• WORK REQUEST: An exact copy of all the data, minus the images, is required.

• COLLECTED MATERIAL:
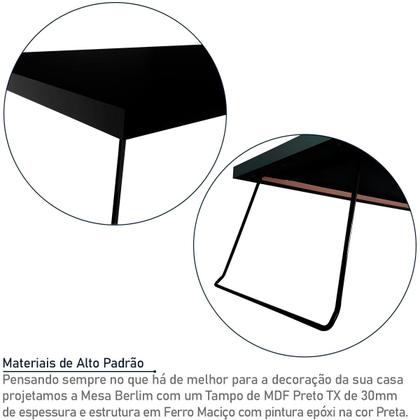 Imagem de Mesa de Centro Berlim Retangular em Aço e MDF Clean - Preta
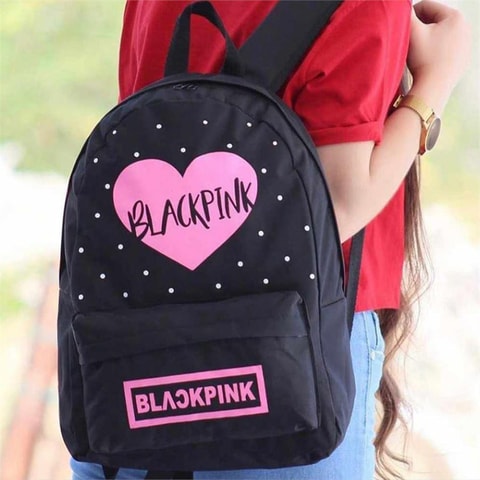 Siyah Black Pink Puantiyeli Kalp Logo Okul Sırt Çantası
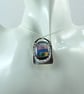 Aurora Seascape Necklace, Sterling Silver and Glass Artisan Pendant  - Image 5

• TASK RESPONSE:
 Imagem de Mesa de Centro Berlim Retangular em Aço e MDF Clean - Preta
 Siyah Black Pink Puantiyeli Kalp Logo Okul Sırt Çantası
 Aurora Seascape Necklace, Sterling Silver and Glass Artisan Pendant  - Image 5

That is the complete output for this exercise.